Scritto da Prof. Daniele Trabucco

Di Daniele Trabucco Belluno, 24 marzo 2025 - Il Manifesto di Ventotene del 1941, redatto da Altiero Spinelli ed Ernesto Rossi, tradisce la visione classica dello Stato delineata da Aristotele, ponendosi in aperta opposizione all’idea di una comunità politica fondata sulla prossimità, sulla condivisione di valori e su una partecipazione attiva e concreta dei cittadini alla vita pubblica.

Aristotele, nella Politica, definisce lo Stato (polis) come una realtà organica, che esiste per permettere all’uomo di realizzare la propria natura politica e morale. La sovranità non è un mero strumento amministrativo, ma l’espressione di un legame profondo tra i cittadini, che condividono leggi, tradizioni e che tendono al bene comune.

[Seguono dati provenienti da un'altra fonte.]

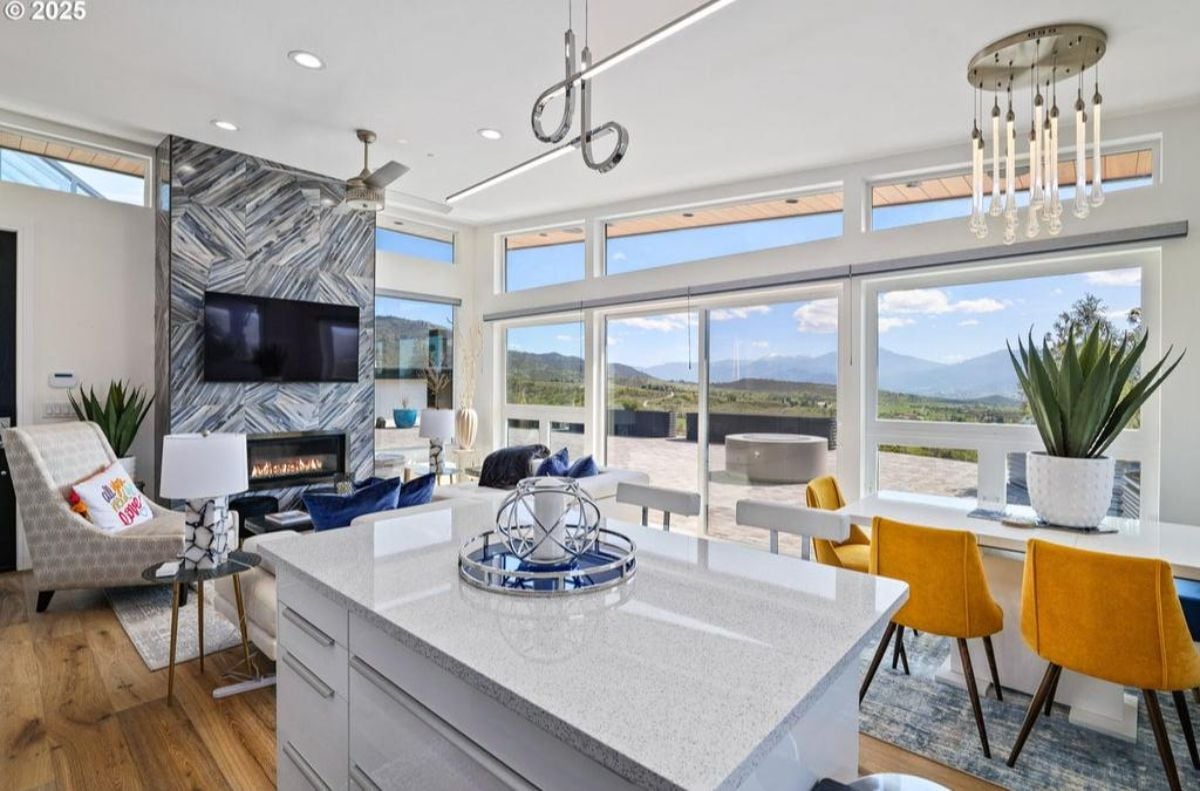 8,293 Sq. Ft. Mansion in Medford, OR ($7,900,000)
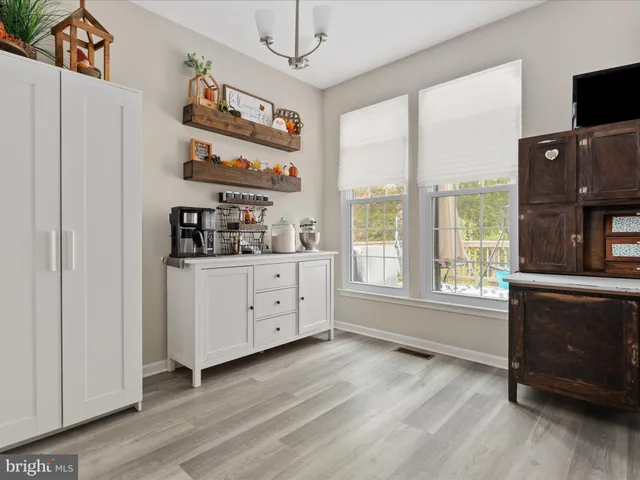 $560,000 | 7002 Manahoac Place, Gainesville, VA 20155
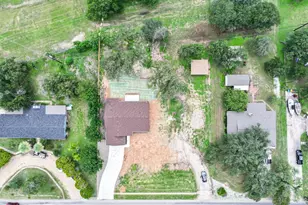 1415 Bluebonnet, Marble Falls, TX 78654 - Photo 29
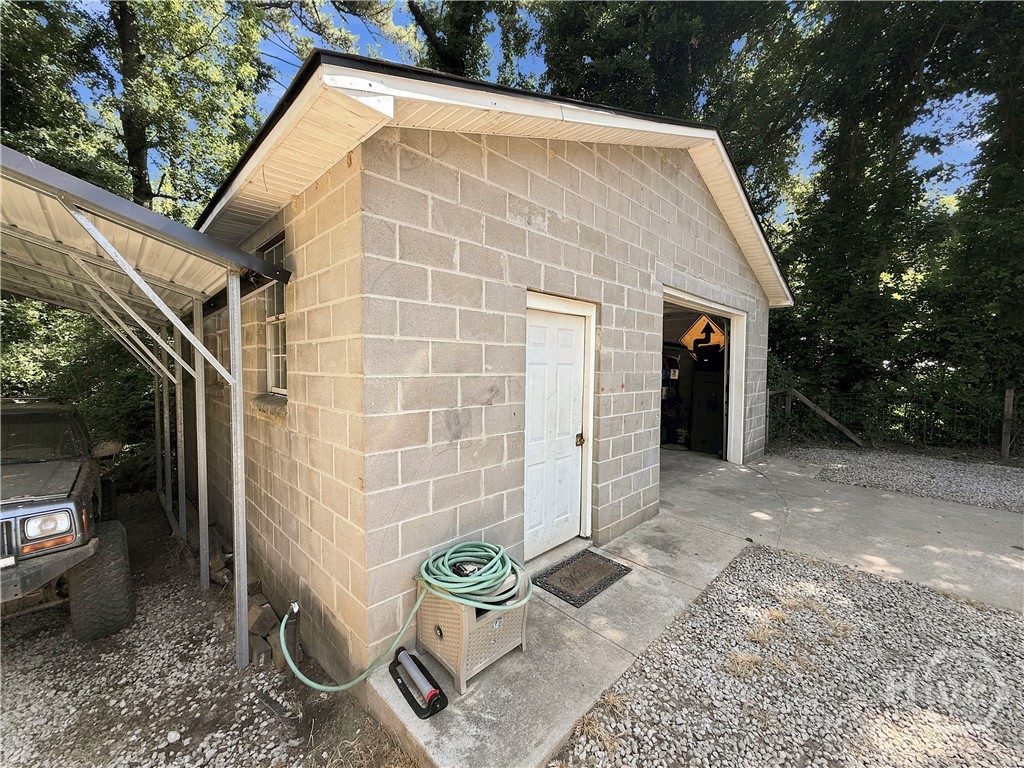 1114 Athens Road Property Photo 11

Il Manifesto di Ventotene, invece, liquida la sovranità nazionale (intesa ovviamente in senso moderno) come un ostacolo al progresso, immaginando una federazione europea che, lungi dal rafforzare la libertà, rischia di ridurre gli individui a mere unità burocratiche prive di una vera appartenenza civica.

L’idea di un’autorità sovranazionale svincolata dai legami identitari tradisce l’insegnamento aristotelico secondo cui una comunità politica deve fondarsi su relazioni di reciprocità e su un ethos condiviso.

L’errore di Spinelli e Rossi è quello tipico dell’astrattismo razionalista: credere che sia possibile costruire un ordine politico efficace attraverso un progetto teorico, dimenticando che lo Stato non è un’architettura formale, ma una realtà concreta che cresce nel tempo attraverso l’esperienza storica e il tessuto culturale di un popolo, sebbene questa visione dell' ordinamento statale come "processo", tipica del pensiero moderno, sia fortemente discutibile in una prospettiva giusnaturalistico classica.

La modernità, com'è noto, a partire da Machiavelli e Hobbes, rovescia la visione dello Stato quale realtà teleologica finalizzata alla giustizia: esso diventa un processo in continua trasformazione, guidato non da una legge naturale oggettiva, ma dalla volontà politica e dall’equilibrio di forze. Il potere, allora, non è più un mezzo per realizzare un ordine giusto, ma una realtà autonoma che si ridefinisce attraverso il conflitto e la negoziazione.

Prof. Daniele Trabucco

(SSML/Istituto di grado universitario "san Domenico" di Roma).